Alana Michelle Howard
is a multidisciplinary performing artist, cultural advocate, and educator currently based in the Detroit area. As the founder of Alana Michelle Productions, she weaves together dance, music, acting, and writing to share powerful Black stories, confront generational trauma, and cultivate spaces for collective healing and transformation with an emphasis on spirituality and relationship with God.
Originally from St. Petersburg, Florida, Alana's artistic journey began early and was shaped by a rich blend of cultural influences in styles such as Hip Hop and traditional west African dance. Her deep commitment to healing through movement has been the driving force behind her evolution as both an artist and a community leader.
Alana holds a BFA degree in the performing arts from Savannah State University and her work is known for its emotional depth, black excellence, and narrative power—qualities that have earned her recognition in her community and social media platforms alike.
Currently, Alana serves as a dance educator at the University of Michigan, where she teaches Jazz Funk and Hip Hop dance integrating cultural history and social consciousness into her creative practice.
In 2024, she premiered her original production "HalleluYah" at the Kennedy Fine Arts Theatre. The performance was praised as a spiritually charged and soul-stirring experience—blending movement, music, and monologue into a unified artistic vision rooted in resilience and joy.

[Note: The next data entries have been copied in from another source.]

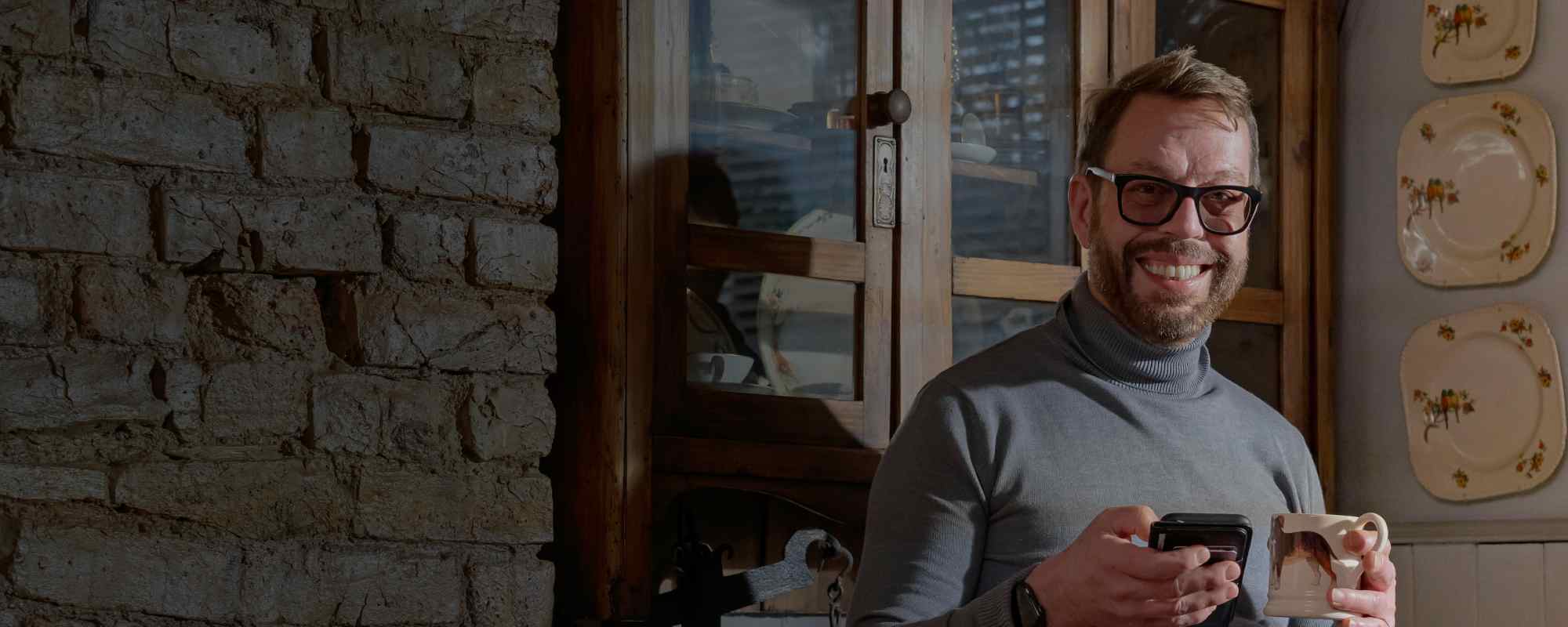 Robert relaxing in his kitchen with a cup of tea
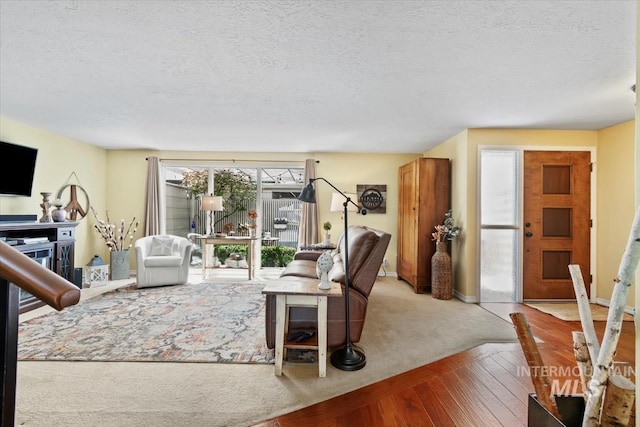 3001 S Roosevelt St Unit 9, Boise, ID 83705 - living room with a textured ceiling, baseboards, and wood finished floors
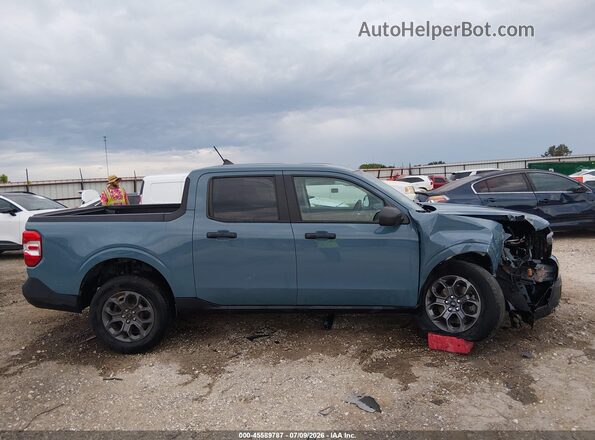 3FTTW8E95PRA20949 2023 FORD MAVERICK Blue Vista interior trasera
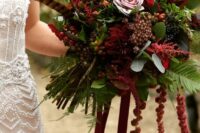 a sumptuous fall wedding bouquet of pink and burgundy roses, deep purple callas, berries, feathers and amaranthus plus some greenery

Alana also uses digital media to extend her reach and impact. Through her platforms on Instagram and TikTok (@iamalanamichelle), she offers an intimate look into her life’s story, creative process, educational work, and ongoing mission to uplift Black communities through the arts and working with the youth.
Alana Michelle Howard continues to break new ground as a performer and educator—dedicated to using her voice, body, and platform to inspire, educate, and heal.
Mission:
Alana Michelle Productions
exists to create art that heals, inspires, and uplifts. We are a multidisciplinary creative company that uses dance, film, and performance as tools for cultural restoration and personal transformation. Rooted in the traditions, rhythms, and resilience of the African diaspora, our work centers Black experiences and speaks to the trials of being a child of God.
Our mission is to honor the body as a living archive of both trauma and liberation. Through intentional movement, immersive storytelling, and community-based engagement, we seek to reimagine “Black”, spiritually, emotionally, and ancestrally. The testimony shared in movement—we believe art has the power to break cycles, build bridges, and bless generations. Alana Michelle Productions is committed to creating spaces where Black people can feel seen, safe, and spiritually grounded.
At our core, we believe that creative work is sacred work. And everything we produce—from stage to screen, classroom to community—is a reflection of that calling.
Our vision:
is to become a global creative force that redefines the role of art in healing, culture, and Black community life. We imagine a world where dance, storytelling, and ancestral memory are fully recognized as essential tools for liberation—where Black people everywhere feel empowered to reclaim their bodies, rewrite their narratives, and return to their spiritual center through movement.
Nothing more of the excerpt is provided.